This feature works best with clear audio, but may struggle with excessive non-speech sounds or silence.

We recommend testing it on your typical content to assess its performance for your use case.

Enabling Auto-Captioning¶

GUIAPI

*Enable auto-captioning for all videos in the Project Settings page. * Enable auto-captioning when uploading a video in the Video Upload page. * Generate captions for an existing video in the Video Edit -> Text Tracks page.

*Enable auto-captioning for all videos of a project in the API ⧉ "Update project settings" endpoint. * Set auto_tt array when when uploading ⧉ or fetching ⧉ a video. * Generate captions for an existing video through the endpoint "Generate auto captions" in the API ⧉

Faq¶

List of supported languages¶

Below are supported VOD auto-captioning languages and codes (note that beta languages may have lower accuracy):

Language	Language Code	Status
English	en	Stable
Spanish	es	Stable
Italian	it	Stable
Portuguese	pt	Stable
German	de	Stable
French	fr	Stable
Korean	ko	Stable
Dutch	nl	Stable
Thai	th	Stable
Russian	ru	Stable
Polish	pl	Stable
Japanese	ja	Stable
Swedish	sv	Stable
Turkish	tr	Stable
Catalan	ca	Stable
Indonesian	id	Stable
Ukrainian	uk	Stable
Malay	ms	Stable
Mandarin	zh	Stable
Finish	fi	Stable
Norwegian	no	Stable
Romanian	ro	Stable

What is the cost of auto-captioning for VOD?¶

It's free.

Time needed to generate captions?¶

For English, it's about 0.2x duration of the speech. For other languages, it takes 0.5x duration.

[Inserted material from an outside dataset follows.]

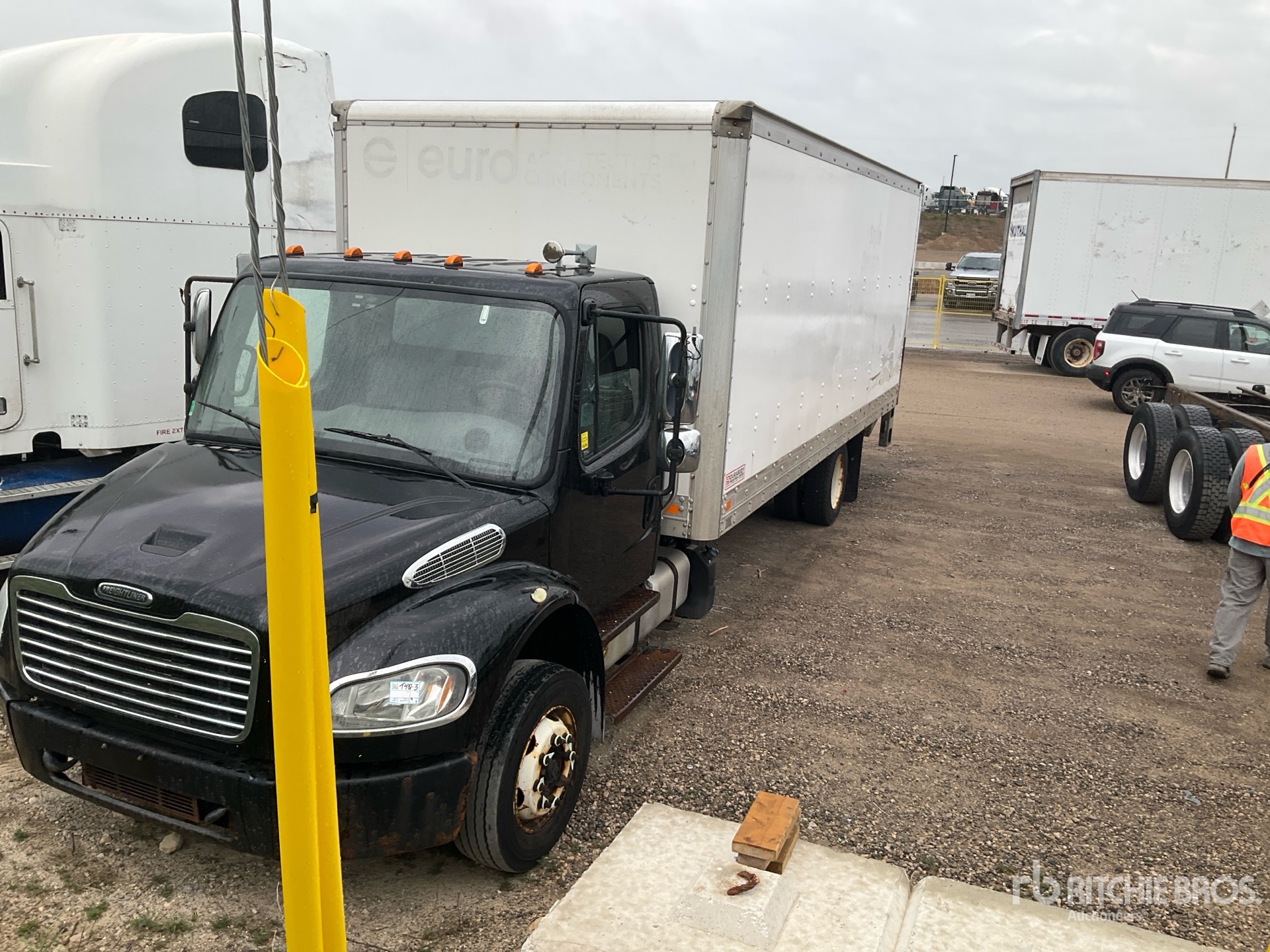 2016 Freightliner M2 106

My audio speech is in multiple languages¶

It's not recommended to use auto-captioning on content with multiple languages.

The speech is in a language you don't support¶

Please contact us regarding any unsupported languages you need for auto-captioning.

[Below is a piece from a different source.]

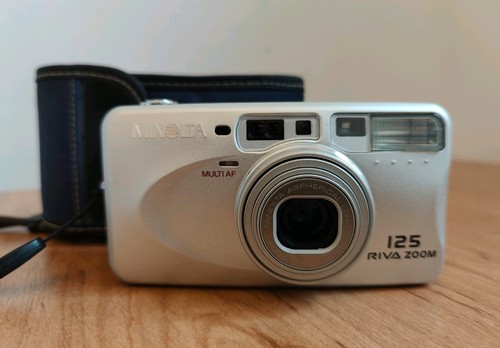 Minolta riva zoom - riva, 35mm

Auto-generated captions may have mistakes¶

While automatic speech recognition has significantly improved, occasional errors may still occur.

One option is to edit the auto-generated captions:

Download the VTT file through the API or GUI
Correct mistakes in a text editor
Delete the auto-generated track
Create a new track with the edited VTT file